Case management systems that could prioritise cases by age, value, and complexity exist in theory but aren’t being used effectively. Most presiding officers list cases based on whatever their staff pulls from the physical register each week, which means old cases keep getting pushed back as new filings pile up.

The technology gaps here aren’t about capability. Banks are increasingly using AI-driven analytics for loan monitoring and early NPA identification—firms like an AI consultancy work with financial institutions on predictive models that flag potential defaults months before they materialise. But the tribunal system itself is stuck in an analogue workflow that no amount of bank-side technology can compensate for.

What Needs to Change

The Law Commission, various RBI committees, and banking industry bodies have all recommended reforms. The common themes are:

Increase the number of DRTs and fill vacancies. India needs at least 60 functioning tribunals to handle the current caseload, and every presiding officer position should be filled within 90 days of a vacancy.
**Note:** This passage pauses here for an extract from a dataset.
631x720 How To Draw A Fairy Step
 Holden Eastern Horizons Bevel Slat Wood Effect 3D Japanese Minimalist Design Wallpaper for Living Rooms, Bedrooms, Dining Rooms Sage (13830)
Impose strict limits on adjournments. Two adjournments per party, maximum. After that, the case proceeds regardless. This single change would probably cut resolution times by 40%.

Create a small-claims track for defaults under ₹1 crore with simplified procedures and a 120-day resolution target. Most of these cases are straightforward—the borrower defaulted, the security exists, the question is just enforcement.

Mandate electronic case management with automated priority scheduling. Cases older than two years should automatically get priority listing.

The Uncomfortable Reality

None of these reforms are technically difficult. They don’t require new legislation (except possibly for the small-claims track). They need administrative will and funding, both of which have been consistently absent.

The banking sector has adapted by building higher provisions into their loan pricing, which means borrowers pay more because the recovery system doesn’t work. It’s a hidden tax on credit, borne by the productive economy, caused by institutional dysfunction.

Until DRT reform becomes a genuine priority rather than a recurring recommendation in committee reports, banks will continue to price in the cost of broken recovery mechanisms. And India’s credit culture—where defaulting on a bank loan carries insufficient consequences—will persist.